New Intel Tool Debugs Hyper-Threading

Looking to boost development of its next-generation chips, Intel Tuesday released new debugging software for Pentium 4 and Xeon processor-based systems.

The tool called Thread Checker 1.0 is designed to help developers locate hard-to-find bugs in applications designed that include Hyper-Threading technology.

Santa Clara, Calif.-based Intel says Hyper-Threading chips allow multithreaded operating systems and applications to view a single physical processor as if it were two logical processors. Intel says it's similar to watching television while talking on the phone. Intel says that can increase performance of a multithreaded application by 40 percent.

The idea for Hyper-Threading was the brainchild of Intel senior engineer Glenn Hinton back in 1993. The company has begun filtering in the multithreading designs into its Pentium 4 processors as early as 1996. In addition to its P4 and Xeon processors, the chip making giant plans on using Hyper-Threading for its Itanium 2 family starting next year.

The company said its Thread Checker uses an advanced error detection engine that monitors execution and can pinpoint the exact lines of code that are causing threading errors. The tool classifies issues into categories ranging from errors to warnings, and shows variable, source line, and call stack information.

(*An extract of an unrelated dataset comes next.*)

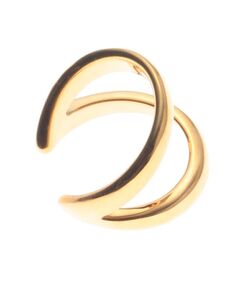 COCOSHNIK ONKITSCH / ココシュニックオンキッチュ ピアス・イヤリング | V字イヤーカフス (K22ゴールドコーティング)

"Our goal is to make it easier for developers to take advantage of the latest Intel processor features by offering advanced software development tools," Intel Software Products general manager Jonathan Khazam said in a statement. "During beta tests, Intel Thread Checker found elusive bugs that developers had been unable to find or did not even know existed. That's real value for developers who write threaded software."

In addition to the Intel Thread Checker, Intel offers a suite of software development products that includes Intel C++ and Intel Fortran compilers, Intel VTune analyzers and the Intel Integrated Performance Primitives software library.

The new tool is priced at $1,198 for a single user commercial license and systems running Microsoft Windows XP Professional and Windows 2000.